To date, just over 200 individuals worldwide are known to carry the mutation associated with fatal familial insomnia. Due to the global distribution of the disease, some researchers have suggested it is caused by a recurrent mutation that has happened independently in a number of families.
In 1999, the first cases of what seems to be non-hereditary fatal insomnia appeared. Non-hereditary fatal insomnia is commonly referred to as sporadic fatal insomnia, and to date 32 cases have been identified.

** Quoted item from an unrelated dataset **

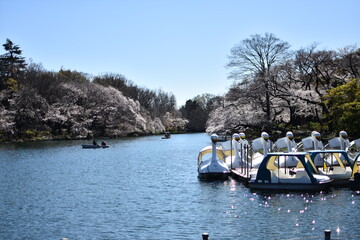 Naklejka na ściany i meble 東京都 井の頭公園 桜の季節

These patients display most of the same symptoms and pathology as fatal familial insomnia patients, but they have no family history of the disease and do not have the mutation of the PRNP gene seen in fatal familial insomnia patients.
What is the treatment for fatal insomnia?
We are severely limited in our ability to treat fatal insomnia patients. Even the strongest sedatives (e.g., barbiturates, benzodiazepines) do not cause patients of the disorder to sleep. Thus, treatment focuses on relieving the symptoms of the disorder as much as possible (which alone is a challenge).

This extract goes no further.